Hiszpan nie jest do końca zadowolony z niezawodności jednostki napędowej Renault.
28.03.1915:07
Nataniel Piórkowski
1009wyświetlenia
Embed from Getty Images

Carlos Sainz został zmuszony do skorzystania z drugiego w tym sezonie generatora odpowiadającego za odzyskiwanie energii kinetycznej. To pokłosie awarii, do jakiej doszło podczas Grand Prix Australii.

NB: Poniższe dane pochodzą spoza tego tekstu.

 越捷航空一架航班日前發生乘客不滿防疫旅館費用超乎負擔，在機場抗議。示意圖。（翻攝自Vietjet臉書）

Kierowca McLarena nie dojechał do mety wyścigu w Melbourne. Po kontroli jednostki napędowej okazało się, że zamontowany w niej MGU-K nie będzie mógł zostać naprawiony. Zgodnie z przepisami w trakcie sezonu kierowcy mogą bezkarnie skorzystać z trzech tego typu generatorów.

Sainz przyznaje, że problemy z MGU-K były dostrzegalne już podczas zimowych testów.

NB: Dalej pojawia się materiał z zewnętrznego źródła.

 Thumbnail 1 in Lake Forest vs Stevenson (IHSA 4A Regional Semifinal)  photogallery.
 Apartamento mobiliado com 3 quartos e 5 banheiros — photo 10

Renault bada tę awarię od dobrych kilku dni i liczę, że odkryli przyczyny problemów. Na ten wyścig przygotowaliśmy pewne rozwiązania. Zobaczymy, czy się sprawdzą. To prawda, że mieliśmy kilka usterek w trakcie testów. Z całą pewnością MGU-K jest jednym ze słabych punktów naszego bolidu.

Musimy nad tym popracować, bo nie chcemy tracić kolejnych punktów. Kilka trafiło już do kosza podczas GP Australii - podkreślał reprezentant stajni z Woking.

Sainz nie ukrywa, że pojawienie się usterki na tak wczesnym etapie sezonu jest daleki od ideału. Mamy mocną jednostkę. Dokonaliśmy postępów i bardzo się z tego cieszę, ale odpadnięcie z wyścigu po jedenastu okrążeniach nie było niczym dobrym.

Hiszpan wskazał jednak na pozytywny aspekt - wzrost mocy. Dysponujemy dobrą mocą, zarówno w kwalifikacjach jak i wyścig. W ubiegłym roku w trakcie wszystkich czasówek nasz deficyt do czołówki wynosił 10-12 km/h. Teraz zdaje się, że są to tylko 2-3 km/h. Ma to związek z dociskiem, ale także tym, że poprawiliśmy nasz silnik. Nie obchodzi mnie jednak to, że mamy dobrą szybkość, skoro nie możemy przejechać więcej niż 11 okrążeń pierwszego wyścigu. Mam nadzieję, że pod tym względem będzie lepiej.